▶ Material supplied
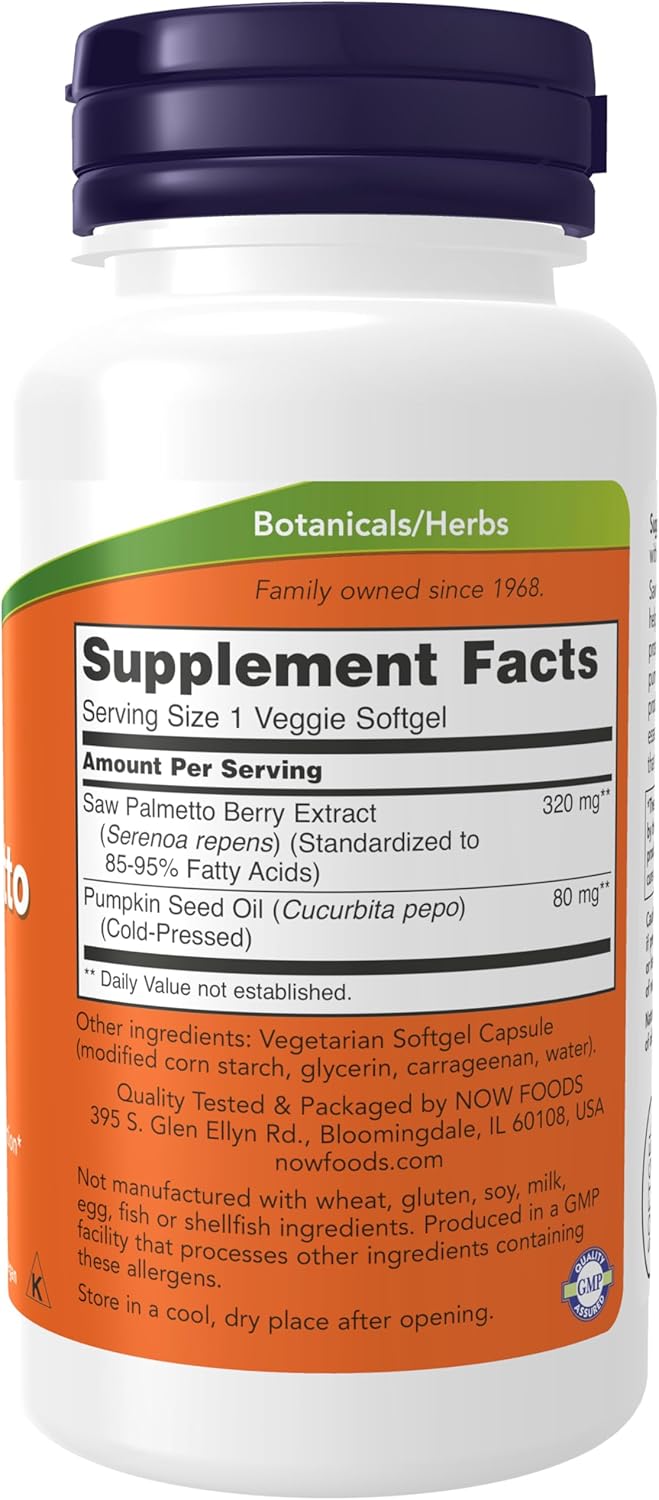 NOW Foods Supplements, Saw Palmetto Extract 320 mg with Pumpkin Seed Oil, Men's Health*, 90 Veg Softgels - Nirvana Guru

--

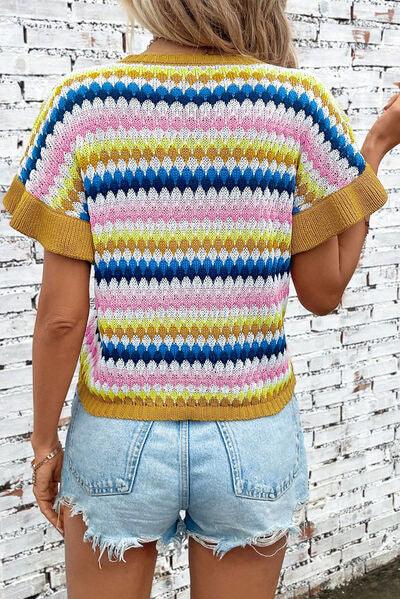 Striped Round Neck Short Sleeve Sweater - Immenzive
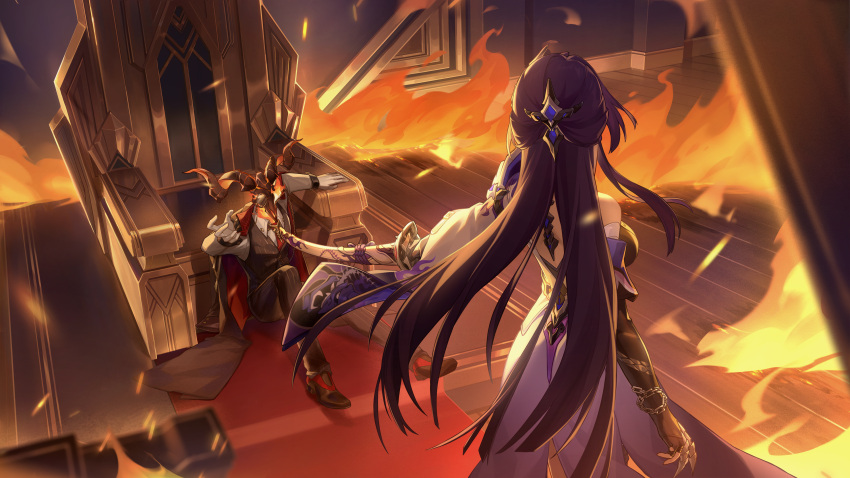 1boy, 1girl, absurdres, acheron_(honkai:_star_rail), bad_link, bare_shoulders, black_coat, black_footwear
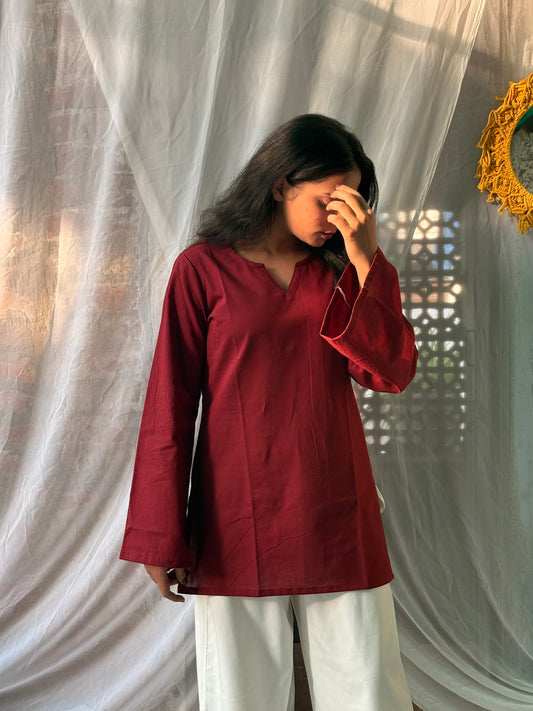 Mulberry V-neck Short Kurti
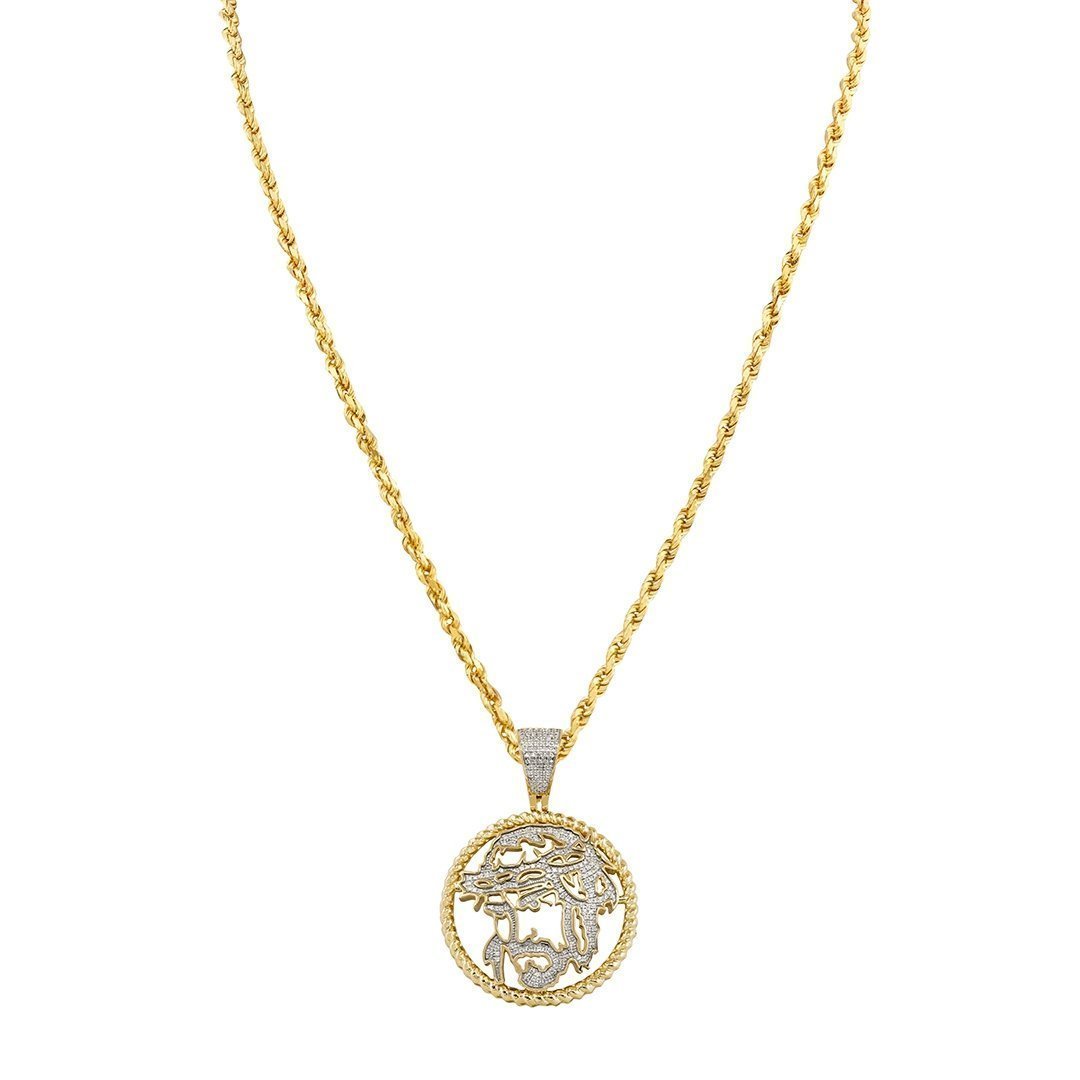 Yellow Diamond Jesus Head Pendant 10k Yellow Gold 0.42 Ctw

...

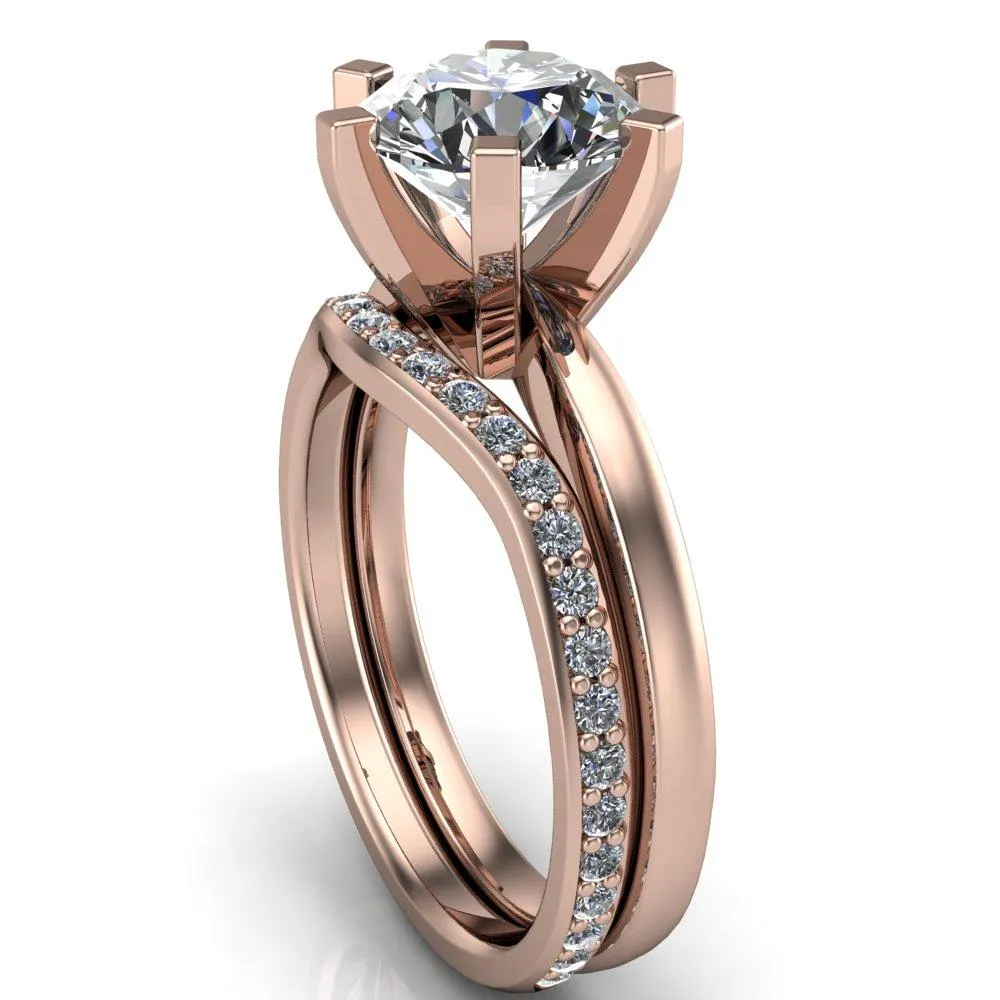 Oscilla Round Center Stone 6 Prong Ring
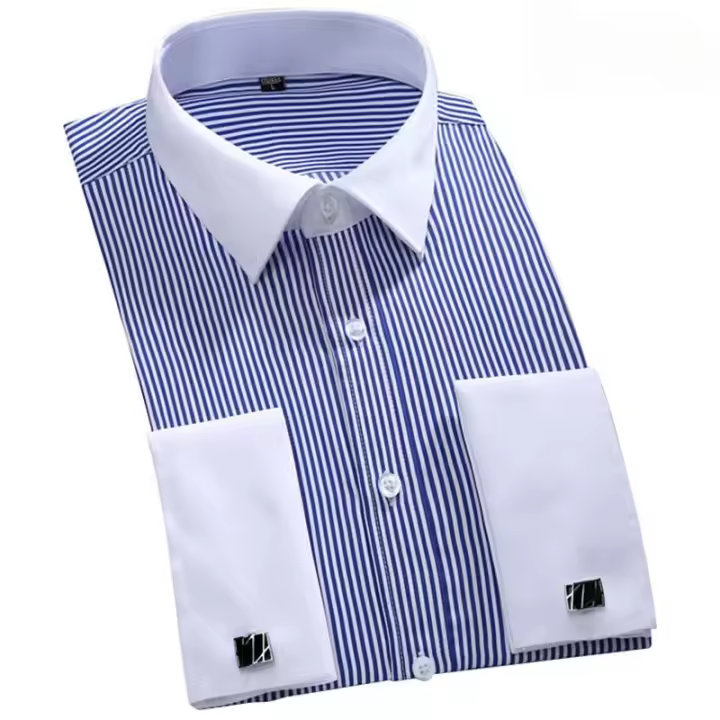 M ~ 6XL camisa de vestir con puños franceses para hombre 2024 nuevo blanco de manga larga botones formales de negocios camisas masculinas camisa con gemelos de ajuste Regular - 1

▶ Your instructions
Once the line with "Striped Round Neck" has been found above, output that line and every later line exactly, stopping after the line with "Yellow Diamond Jesus", and omit the pictures.

▶ Response to this task
 Striped Round Neck Short Sleeve Sweater - Immenzive
 1boy, 1girl, absurdres, acheron_(honkai:_star_rail), bad_link, bare_shoulders, black_coat, black_footwear
 Mulberry V-neck Short Kurti
 Yellow Diamond Jesus Head Pendant 10k Yellow Gold 0.42 Ctw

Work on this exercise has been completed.